RDC : où allons-nous ?

Année 2015, les 19, 20 et 21 janvier : répression sanglante des manifestations dans plusieurs villes du pays contre le projet de loi électorale censé subordonner la tenue des élections au recensement de la population, et entrainer le report de l’élection présidentielle initialement prévue en novembre 2016. Bilan de cette répression à Kinshasa, selon la Fédération internationale des droits de l’homme (FIDH) : 42 morts et de nombreux blessés. Un jeune militant de notre parti politique, la Ligue des Démocrates Congolais (LIDEC), victime d’une balle perdue dans la commune populaire de Ngaba, fait partie des blessés.

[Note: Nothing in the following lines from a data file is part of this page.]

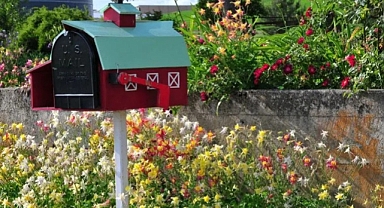 23 Inspiring Mailbox Landscaping Ideas for a Perfect Entry
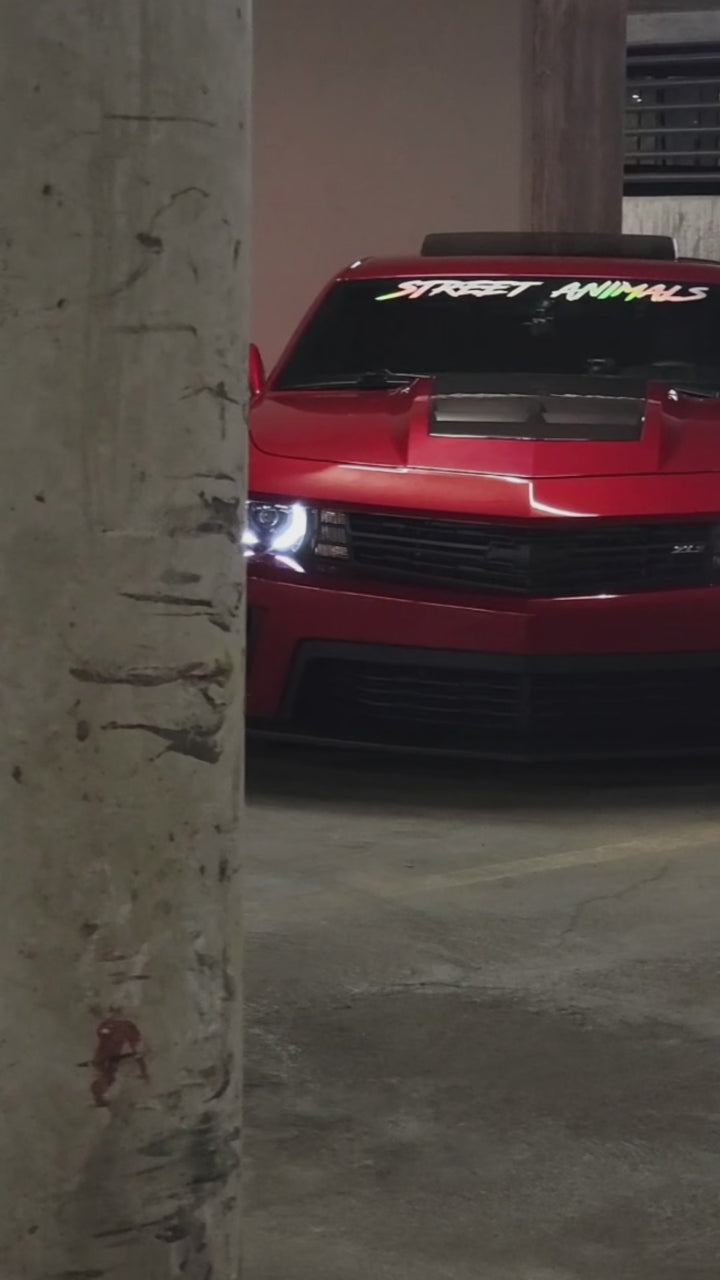 OG Banner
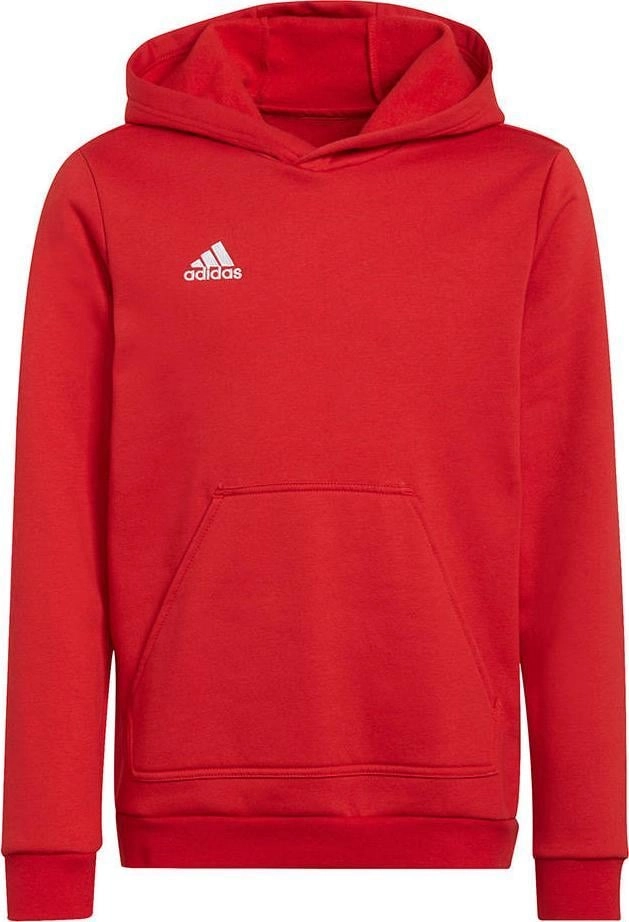Sweatshirt for kids adidas Entrada 22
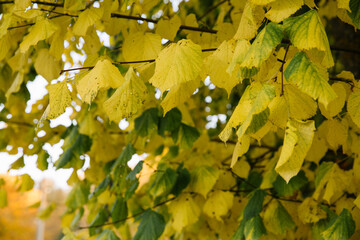 Branches of autumn yellow leaves in the park
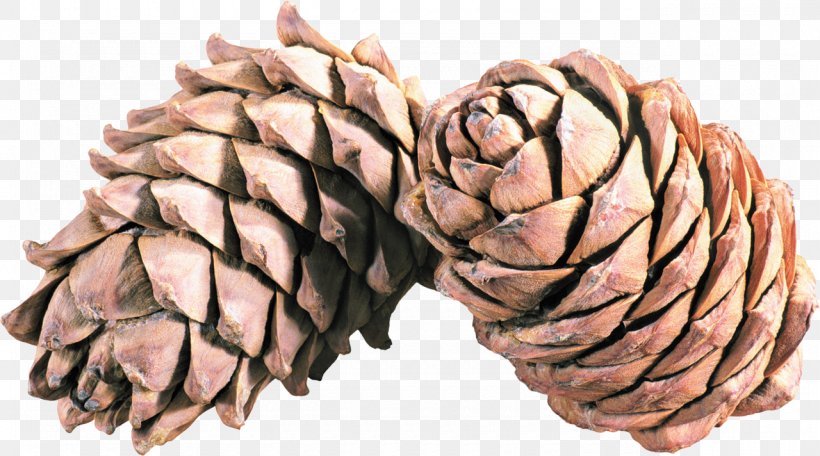 Conifer Cone Tree Clip Art, PNG, 1280x712px, Conifer Cone, Auglis, Digital Image, Fruit, Material Download Free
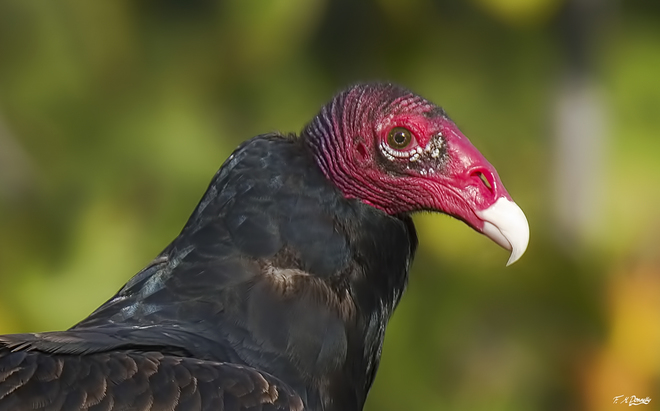Turkey Vultures Port Elmsley, ON
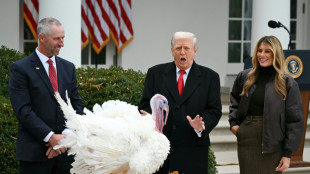 Talking turkey: Trump turns pardon ritual into political roast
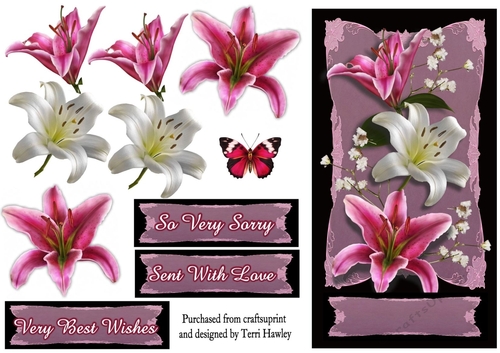 pretty lilies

Année 2016, les 19 et 20 septembre, nouvelle répression ! Cette fois-ci, il s’agit de manifestations du Rassemblement des forces politiques et sociales acquises au changement d’Etienne Tshisekedi, menées à travers le pays pour exiger de la Commission électorale nationale indépendante (CENI), la convocation du corps électoral pour l’élection présidentielle. Bilan de ces deux jours de violence meurtrière à Kinshasa, selon Human Rights Watch : 44 morts dont 37 personnes tuées par les forces de sécurité, et 7 policiers morts dans les affrontements avec des manifestants; 32 morts selon la Police Nationale Congolaise. A cela, s’ajoutent de nombreux blessés et des dégâts matériels considérables: plusieurs sièges ou bureaux des partis politiques incendiés, des écoles brûlées, des résidences privées et des commerces pillés et saccagés, des véhicules calcinés ou caillassés,

Des morts, encore des morts

Pourquoi faut-il des morts, encore des morts, pour une marche de protestation politique dans notre pays ? Et, parmi ces compatriotes innocents qui succombent, nombreux sont ceux qui sont touchés par des balles réelles tirées à bout portant par certains éléments des forces de sécurité. Je voudrais rappeler, ici, l’appel pathétique que nous avions lancé aux autorités congolaises, lors d’un meeting politique de notre parti, le 7 février 2015 à Ngaba, suite aux évènements tragiques de janvier : « Plus jamais ça! », plus jamais des forces de l’ordre tirant à balles réelles sur la population ! Rien n’y fait, les balles continuent à crépiter lorsque les Congolais usent de leur droit constitutionnel de manifester. Les pouvoirs publics ont, pourtant, l’obligation de garantir ce droit.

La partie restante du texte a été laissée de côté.